BRIEF:
These records contain pictures, which must be left out; copy exactly the lines from the one with "我这么做还不是因为你妈那张脸" up to and including the one with "Imagem Casa Duplex no bairro Caravelas".

INPUT DATA:
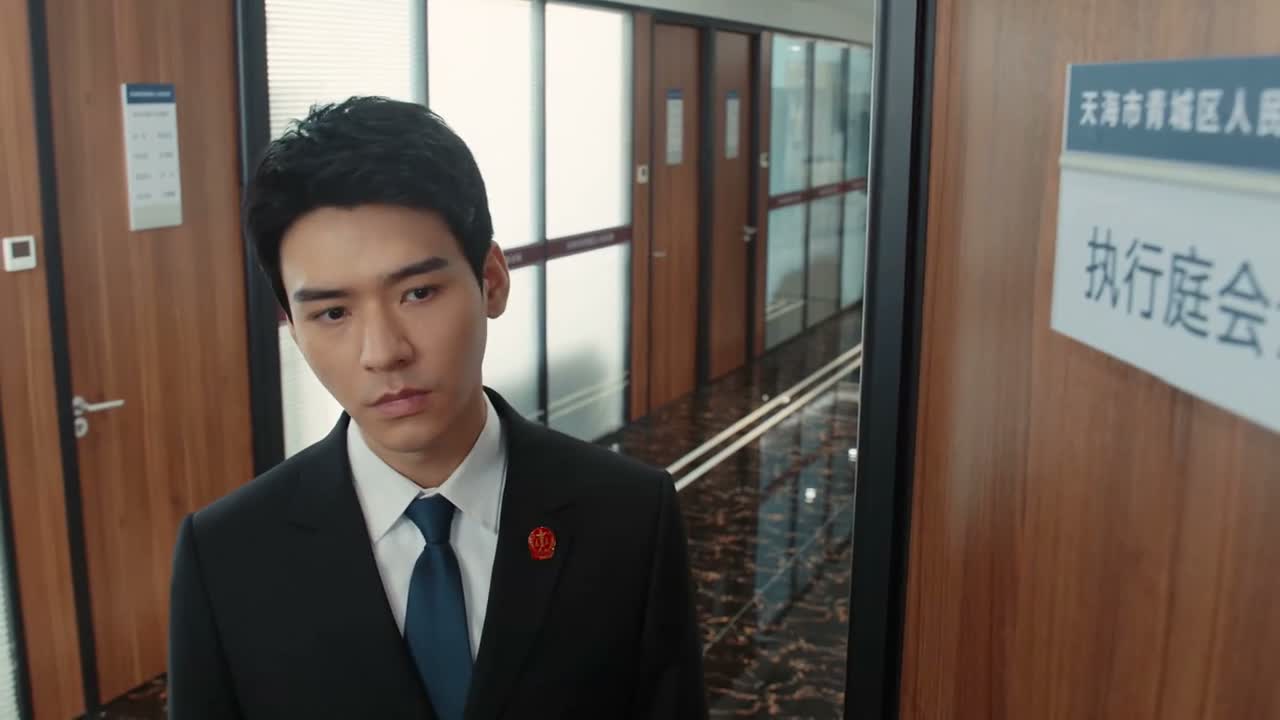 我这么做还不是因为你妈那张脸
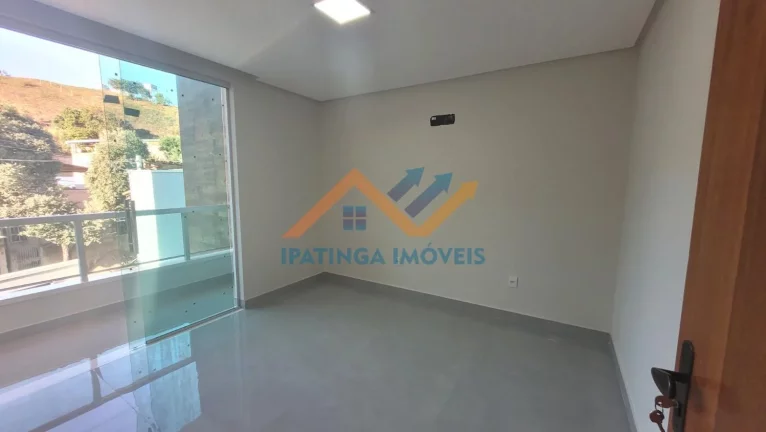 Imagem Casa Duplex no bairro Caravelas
* * *
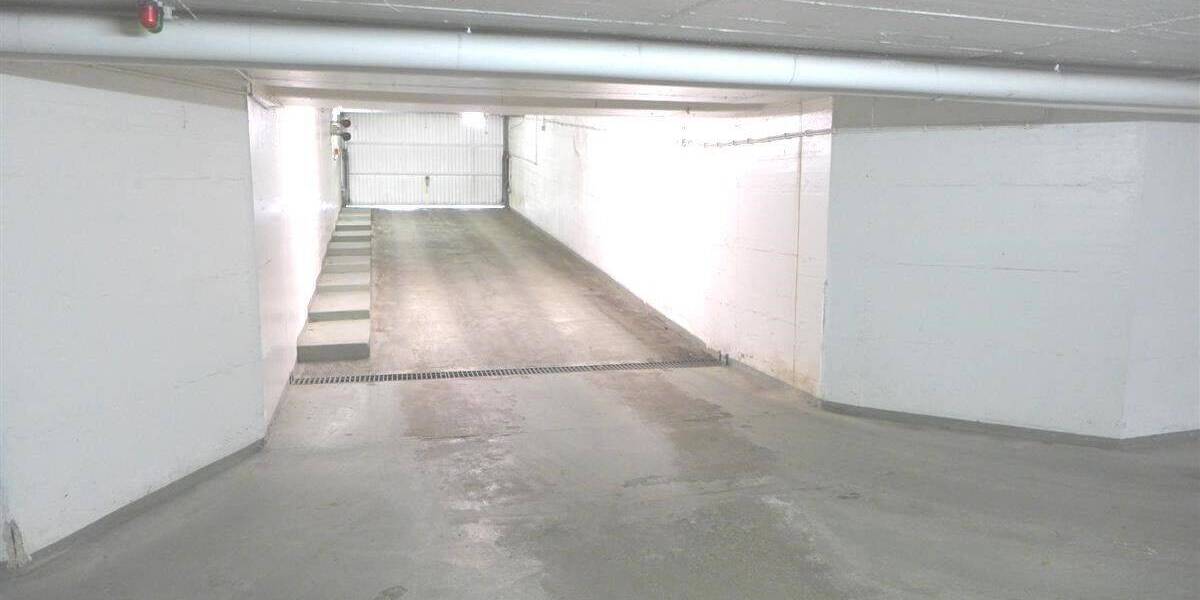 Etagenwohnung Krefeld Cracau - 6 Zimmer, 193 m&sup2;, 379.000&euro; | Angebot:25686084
* * *
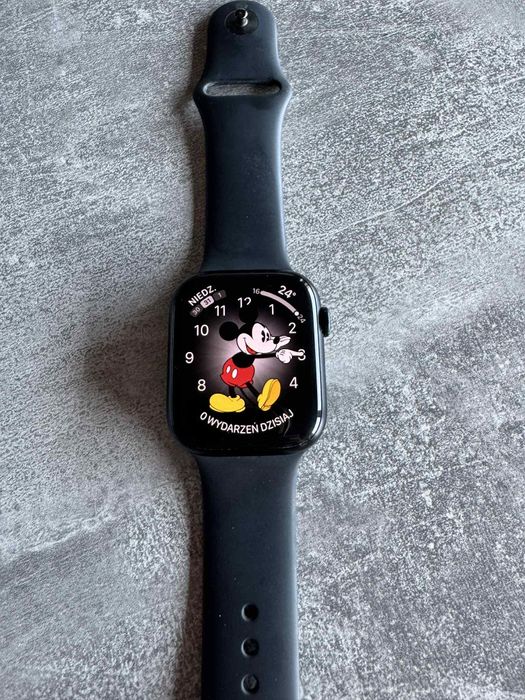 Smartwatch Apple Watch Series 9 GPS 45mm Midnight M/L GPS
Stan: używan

ANSWER AREA:
 我这么做还不是因为你妈那张脸
 Imagem Casa Duplex no bairro Caravelas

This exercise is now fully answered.